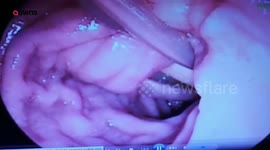 Live roundworms being removed from woman's bile duct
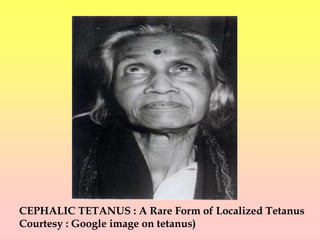 CEPHALIC TETANUS : A Rare Form of Localized Tetanus
Courtesy : Google image on tetanus)
 
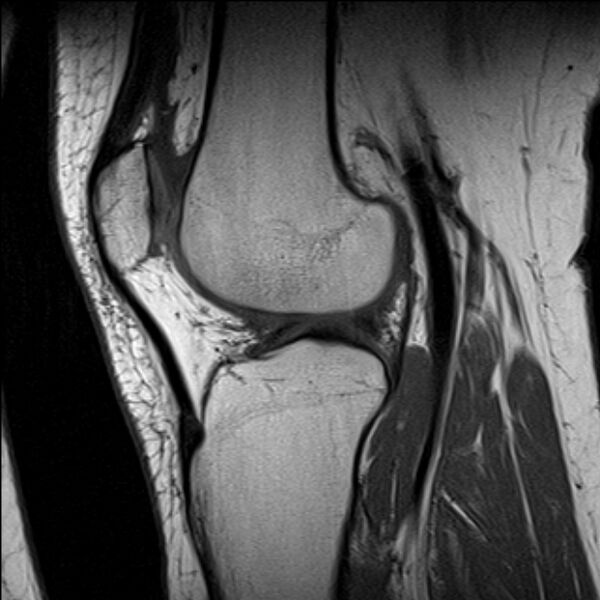 File:Bucket handle tear - medial meniscus (Radiopaedia 79028-91942 Sagittal T1 9).jpg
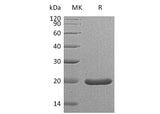 Recombinant Mouse Sonic Hedgehog/SHH (C25II) Protein - ABMIUM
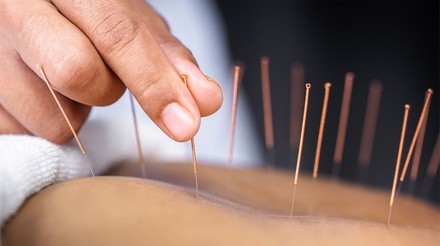 Up to 31% Off on Massage - Acupressure at Iron Hands Sports Massage And Rehab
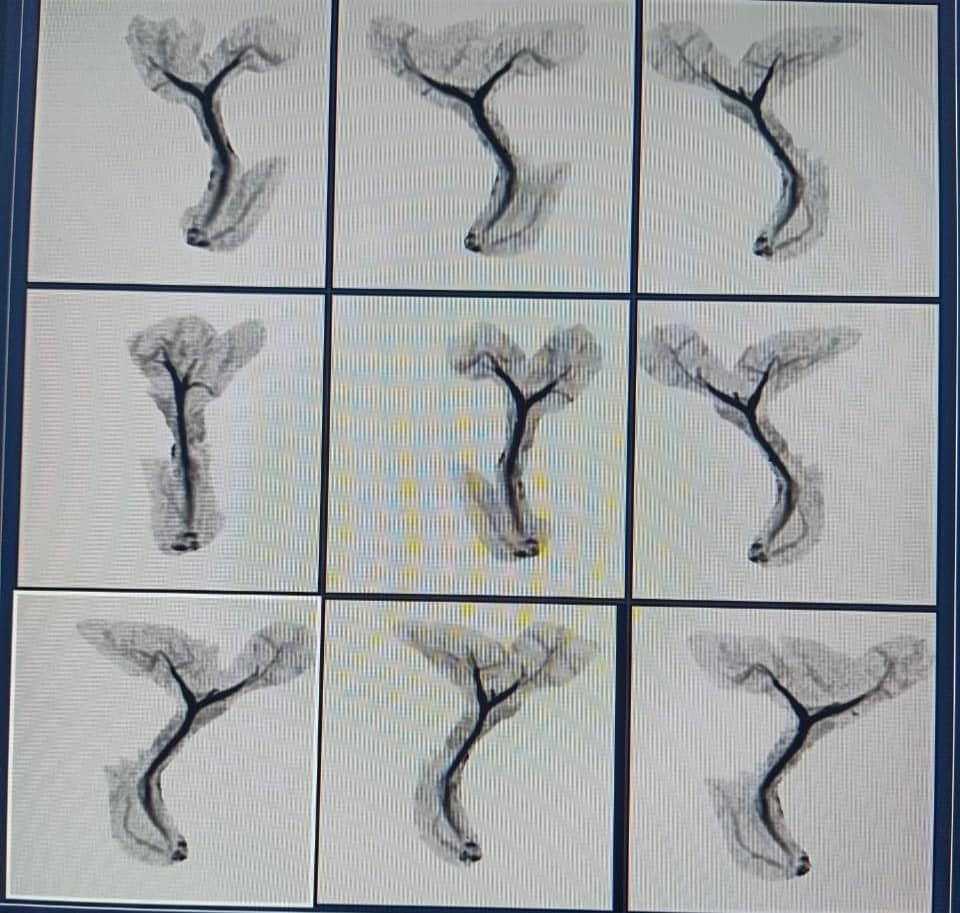 Multan MRI Center performing MRCP on... - Multan M.R.I Centre | Facebook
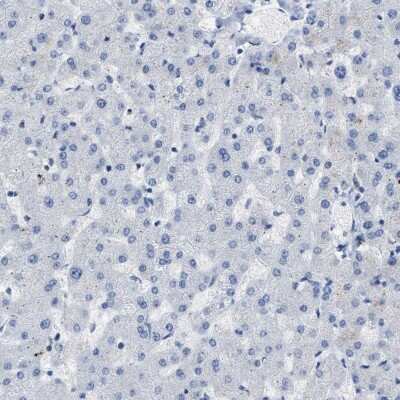 Immunohistochemistry-Paraffin: Carboxypeptidase A2/CPA2 Antibody [NBP1-87555]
★ ★ ★ ★ ★
• **WHAT TO DO**
Transcribe all data precisely. Pictures are not copied.

• **EXERCISE RESPONSE**
 Live roundworms being removed from woman's bile duct
 CEPHALIC TETANUS : A Rare Form of Localized Tetanus
Courtesy : Google image on tetanus)
 
 File:Bucket handle tear - medial meniscus (Radiopaedia 79028-91942 Sagittal T1 9).jpg
 Recombinant Mouse Sonic Hedgehog/SHH (C25II) Protein - ABMIUM
 Up to 31% Off on Massage - Acupressure at Iron Hands Sports Massage And Rehab
 Multan MRI Center performing MRCP on... - Multan M.R.I Centre | Facebook
 Immunohistochemistry-Paraffin: Carboxypeptidase A2/CPA2 Antibody [NBP1-87555]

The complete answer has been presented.